Sunday 17 March 2019

CERPEN SI DUTA GOLPUT: bagian 2


CERPEN SI DUTA GOLPUT: bagian 2

Beberapa waktu pun berlalu.
Golput bagi saya bukan berarti tidak melakukan pemilihan. Golput bagi saya adalah tidak setuju dengan calon yang ada dan bentuk sikap adanya keinginan untuk memiliki model calon yang lain sesuai dengan kriterianya, namun tidak terdaftar disana. Ada manusia yang berpendapat bahwa daftar calon yang diajukan kepadanya tidak pantas, apakah dia harus tetap memaksakan dirinya untuk memilih diantara pilihan tersebut?
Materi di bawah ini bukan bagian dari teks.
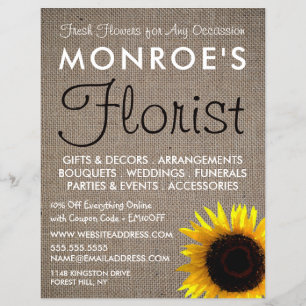 Solros och Burlap, Floristry Reklam Reklamblad
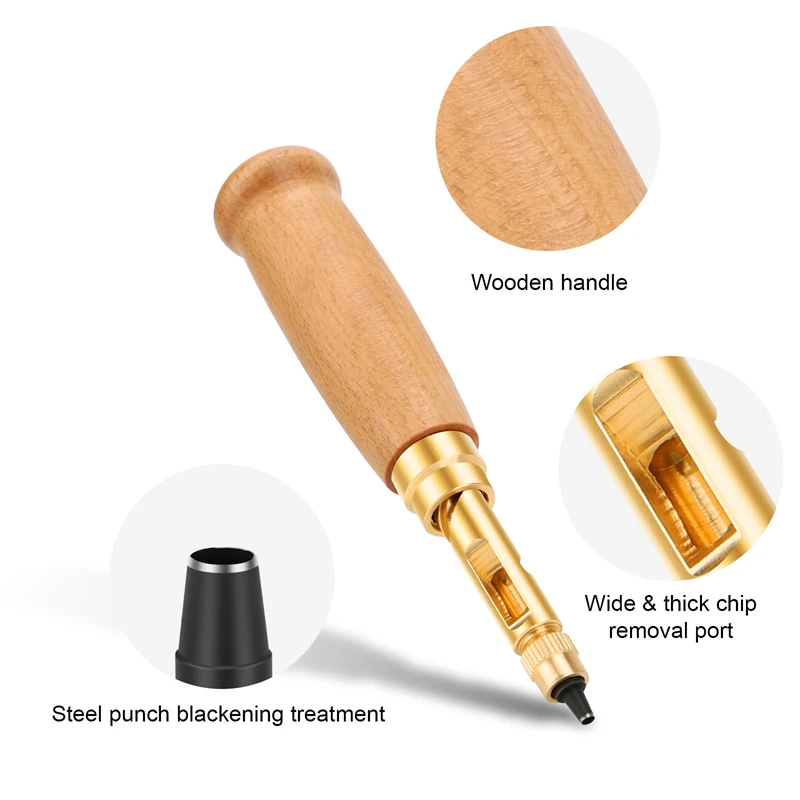 DIY Accessories Leather Punch Tool With 6 Size Tip 1.5–4.0mm Automatic Belts Screw Punch Tool Kit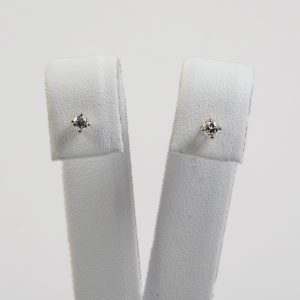 Orecchini oro bianco 18k con punti luce 0,10ct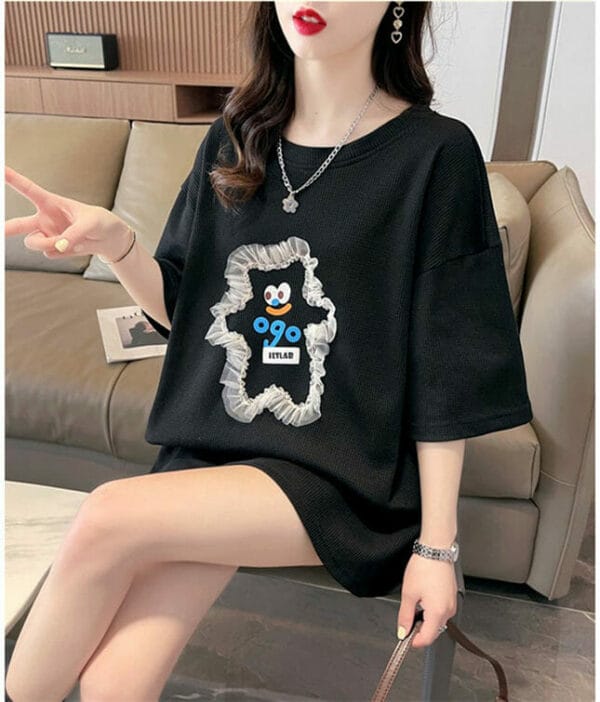 Lovely Fashion Cartoon Patches Round Neck Loosen T-shirt 2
Namun seegois egoisnya saya, saya tetap mencari pemikiran lain yang mampu menekan keegoisan saya. Pemikiran itu saya temukan dari nasihat yang disampaikan oleh Ustad yang rutin mengisi kajian pada salah satu masjid di Kota Jambi. Beliau bilang:
“Antum jangan golput… jika kita diajukan pilihan pilihan yang setiap pilihannya adalah mudharot (keburukan), maka antum pilihlah pilihan yang mudharotnya paling kecil…”

Keegoisan saya kembali berkata:
“tapi saya tidak suka dengan sistem mengajukan diri sendiri sebagai calon. Saya tidak suka sistem partai. Bagaimana dia bisa adil sementara ada suatu golongan yang berjasa menjadikannya pemimpin? Bukankah golongan itu nantinya akan meminta hubungan timbal balik?”

Sang ustad kembali memberi nasihat:
“Antum beriman kepada Nabi kan? Nabi Muhammad Shallallahu ‘alaihi Wa sallam bersabda melalui hadist shahih yang disampaikan melalui perawi yang shahih (saya lupa namanya), bahwasannya beliau berkata (sang Nabi), “ikutilah ulil amri (pemegang kekuasaan) diantara kamu, meskipun kamu harus disiksa punggungmu dan diambil hartamu, kecuali ulil amri tersebut memintamu mensekutukan Allah, dan itu lebih baik bagimu… (mohon maaf saya tidak menyampaikan kalimatnya secara persis,)”

[Rujukan dalil bisa dilihat di halaman https://rumaysho.com/3111-taat-pada-pemimpin-yang-zalim.html]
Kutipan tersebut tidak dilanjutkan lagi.